* [YOUR ASSIGNMENT]:
For this exercise, reproduce the entries below exactly, but only from the line containing "Oportunitate investițională–Imobil P+E,Săvinești,1176mp+1350mp" through the line containing "Play-Doh Starter Set", both included.

EXTRACTED MATERIAL below:

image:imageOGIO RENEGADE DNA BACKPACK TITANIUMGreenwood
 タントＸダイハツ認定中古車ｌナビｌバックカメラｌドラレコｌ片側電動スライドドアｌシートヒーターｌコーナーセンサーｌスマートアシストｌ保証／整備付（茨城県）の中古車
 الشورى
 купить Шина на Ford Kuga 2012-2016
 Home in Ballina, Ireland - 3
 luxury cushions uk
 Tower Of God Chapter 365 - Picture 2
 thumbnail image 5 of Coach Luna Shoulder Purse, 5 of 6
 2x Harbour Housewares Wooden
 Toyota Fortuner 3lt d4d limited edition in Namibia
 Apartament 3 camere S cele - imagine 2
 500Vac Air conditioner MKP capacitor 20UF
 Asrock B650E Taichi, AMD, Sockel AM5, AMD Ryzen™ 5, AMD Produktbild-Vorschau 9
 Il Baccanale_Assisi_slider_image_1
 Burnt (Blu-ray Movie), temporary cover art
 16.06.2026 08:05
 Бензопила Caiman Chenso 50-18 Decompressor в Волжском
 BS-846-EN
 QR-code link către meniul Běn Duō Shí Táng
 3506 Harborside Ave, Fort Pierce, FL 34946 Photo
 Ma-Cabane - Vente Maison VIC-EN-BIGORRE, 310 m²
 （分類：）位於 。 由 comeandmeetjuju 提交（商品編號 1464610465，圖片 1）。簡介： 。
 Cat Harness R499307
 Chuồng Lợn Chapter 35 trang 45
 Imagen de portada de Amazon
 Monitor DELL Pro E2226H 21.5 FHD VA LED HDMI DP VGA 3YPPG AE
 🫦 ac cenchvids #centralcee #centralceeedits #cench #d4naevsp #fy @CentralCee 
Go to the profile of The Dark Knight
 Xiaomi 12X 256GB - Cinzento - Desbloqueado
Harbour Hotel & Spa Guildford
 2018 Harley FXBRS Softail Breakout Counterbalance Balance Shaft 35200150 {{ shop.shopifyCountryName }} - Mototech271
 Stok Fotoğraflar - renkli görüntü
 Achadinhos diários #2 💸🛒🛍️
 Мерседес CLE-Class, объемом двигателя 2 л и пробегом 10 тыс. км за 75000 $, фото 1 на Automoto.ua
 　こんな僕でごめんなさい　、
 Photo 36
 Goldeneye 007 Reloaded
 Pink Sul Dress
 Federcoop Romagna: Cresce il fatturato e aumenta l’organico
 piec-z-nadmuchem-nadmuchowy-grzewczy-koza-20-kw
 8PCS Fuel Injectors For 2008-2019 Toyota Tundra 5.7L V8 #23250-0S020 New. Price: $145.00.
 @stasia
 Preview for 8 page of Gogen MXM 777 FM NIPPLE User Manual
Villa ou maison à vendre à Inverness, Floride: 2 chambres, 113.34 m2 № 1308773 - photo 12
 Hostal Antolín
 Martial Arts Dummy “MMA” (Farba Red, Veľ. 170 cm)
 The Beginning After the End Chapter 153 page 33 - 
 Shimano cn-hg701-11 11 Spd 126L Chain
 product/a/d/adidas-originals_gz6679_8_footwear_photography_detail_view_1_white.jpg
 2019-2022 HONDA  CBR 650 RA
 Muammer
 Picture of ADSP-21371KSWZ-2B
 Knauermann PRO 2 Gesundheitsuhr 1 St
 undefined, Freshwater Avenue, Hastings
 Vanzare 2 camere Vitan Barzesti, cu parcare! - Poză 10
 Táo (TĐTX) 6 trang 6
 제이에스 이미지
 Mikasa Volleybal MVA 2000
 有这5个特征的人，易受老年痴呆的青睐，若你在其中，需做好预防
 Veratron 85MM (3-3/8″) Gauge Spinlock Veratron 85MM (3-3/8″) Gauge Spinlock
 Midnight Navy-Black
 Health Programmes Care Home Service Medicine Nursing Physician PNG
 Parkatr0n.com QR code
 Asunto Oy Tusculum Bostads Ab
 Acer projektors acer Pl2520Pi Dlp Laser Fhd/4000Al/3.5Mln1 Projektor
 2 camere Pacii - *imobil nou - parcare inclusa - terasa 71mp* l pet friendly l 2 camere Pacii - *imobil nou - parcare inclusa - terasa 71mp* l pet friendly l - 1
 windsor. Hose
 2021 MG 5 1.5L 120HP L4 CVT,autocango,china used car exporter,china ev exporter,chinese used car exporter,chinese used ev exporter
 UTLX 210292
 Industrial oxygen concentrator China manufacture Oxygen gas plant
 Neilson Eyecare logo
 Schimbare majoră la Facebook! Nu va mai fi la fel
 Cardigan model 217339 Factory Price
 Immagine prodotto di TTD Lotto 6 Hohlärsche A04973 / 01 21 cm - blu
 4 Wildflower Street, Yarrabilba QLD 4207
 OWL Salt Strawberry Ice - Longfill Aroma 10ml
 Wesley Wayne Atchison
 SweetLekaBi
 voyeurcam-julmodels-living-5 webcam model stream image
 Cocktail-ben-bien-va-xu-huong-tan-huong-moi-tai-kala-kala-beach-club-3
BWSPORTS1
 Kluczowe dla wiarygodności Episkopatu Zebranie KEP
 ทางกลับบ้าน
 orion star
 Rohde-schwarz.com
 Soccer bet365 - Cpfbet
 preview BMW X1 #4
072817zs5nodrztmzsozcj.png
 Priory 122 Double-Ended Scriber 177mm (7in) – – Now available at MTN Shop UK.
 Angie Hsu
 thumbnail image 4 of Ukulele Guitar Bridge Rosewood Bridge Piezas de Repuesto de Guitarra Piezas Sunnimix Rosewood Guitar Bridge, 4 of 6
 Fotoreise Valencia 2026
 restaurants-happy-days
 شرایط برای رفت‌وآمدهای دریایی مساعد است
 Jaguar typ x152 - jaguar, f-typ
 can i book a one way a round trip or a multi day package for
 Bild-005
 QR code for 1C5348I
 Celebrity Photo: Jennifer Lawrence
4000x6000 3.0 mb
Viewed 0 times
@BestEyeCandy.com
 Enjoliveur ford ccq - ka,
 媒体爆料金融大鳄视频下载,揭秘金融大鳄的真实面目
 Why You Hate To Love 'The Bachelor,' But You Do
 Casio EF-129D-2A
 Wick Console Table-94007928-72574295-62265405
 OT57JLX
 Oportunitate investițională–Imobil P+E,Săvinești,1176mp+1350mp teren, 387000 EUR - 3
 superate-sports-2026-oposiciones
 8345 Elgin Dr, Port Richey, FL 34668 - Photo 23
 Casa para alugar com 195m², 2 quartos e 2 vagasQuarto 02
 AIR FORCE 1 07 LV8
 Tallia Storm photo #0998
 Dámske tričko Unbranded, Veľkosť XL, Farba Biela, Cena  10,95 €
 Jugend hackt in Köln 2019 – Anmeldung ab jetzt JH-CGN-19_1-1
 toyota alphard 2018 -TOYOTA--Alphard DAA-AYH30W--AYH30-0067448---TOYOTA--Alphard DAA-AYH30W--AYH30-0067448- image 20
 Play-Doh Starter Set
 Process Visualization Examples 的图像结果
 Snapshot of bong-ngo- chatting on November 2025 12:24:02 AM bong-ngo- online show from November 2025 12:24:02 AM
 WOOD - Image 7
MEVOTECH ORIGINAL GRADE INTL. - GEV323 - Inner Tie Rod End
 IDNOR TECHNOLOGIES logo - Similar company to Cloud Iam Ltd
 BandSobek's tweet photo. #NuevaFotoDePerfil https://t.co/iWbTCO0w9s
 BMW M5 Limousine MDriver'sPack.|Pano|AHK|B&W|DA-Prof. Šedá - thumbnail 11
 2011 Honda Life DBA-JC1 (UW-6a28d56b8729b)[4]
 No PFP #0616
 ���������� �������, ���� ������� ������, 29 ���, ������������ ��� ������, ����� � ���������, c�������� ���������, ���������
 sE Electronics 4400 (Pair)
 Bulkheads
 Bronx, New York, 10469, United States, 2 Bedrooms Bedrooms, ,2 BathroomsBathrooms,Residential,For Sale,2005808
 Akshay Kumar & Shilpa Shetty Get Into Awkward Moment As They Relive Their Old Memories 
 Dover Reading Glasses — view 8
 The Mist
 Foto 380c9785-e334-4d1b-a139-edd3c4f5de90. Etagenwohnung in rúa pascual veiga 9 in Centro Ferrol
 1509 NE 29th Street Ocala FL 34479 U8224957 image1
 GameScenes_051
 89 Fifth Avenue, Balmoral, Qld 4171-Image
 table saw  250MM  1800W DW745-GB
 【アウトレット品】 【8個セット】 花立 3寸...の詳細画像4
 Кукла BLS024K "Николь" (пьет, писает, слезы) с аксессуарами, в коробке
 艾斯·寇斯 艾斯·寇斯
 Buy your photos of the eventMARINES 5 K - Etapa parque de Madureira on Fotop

End of EXTRACTED MATERIAL.

* [WRITTEN RESPONSE]:
 Oportunitate investițională–Imobil P+E,Săvinești,1176mp+1350mp teren, 387000 EUR - 3
 superate-sports-2026-oposiciones
 8345 Elgin Dr, Port Richey, FL 34668 - Photo 23
 Casa para alugar com 195m², 2 quartos e 2 vagasQuarto 02
 AIR FORCE 1 07 LV8
 Tallia Storm photo #0998
 Dámske tričko Unbranded, Veľkosť XL, Farba Biela, Cena  10,95 €
 Jugend hackt in Köln 2019 – Anmeldung ab jetzt JH-CGN-19_1-1
 toyota alphard 2018 -TOYOTA--Alphard DAA-AYH30W--AYH30-0067448---TOYOTA--Alphard DAA-AYH30W--AYH30-0067448- image 20
 Play-Doh Starter Set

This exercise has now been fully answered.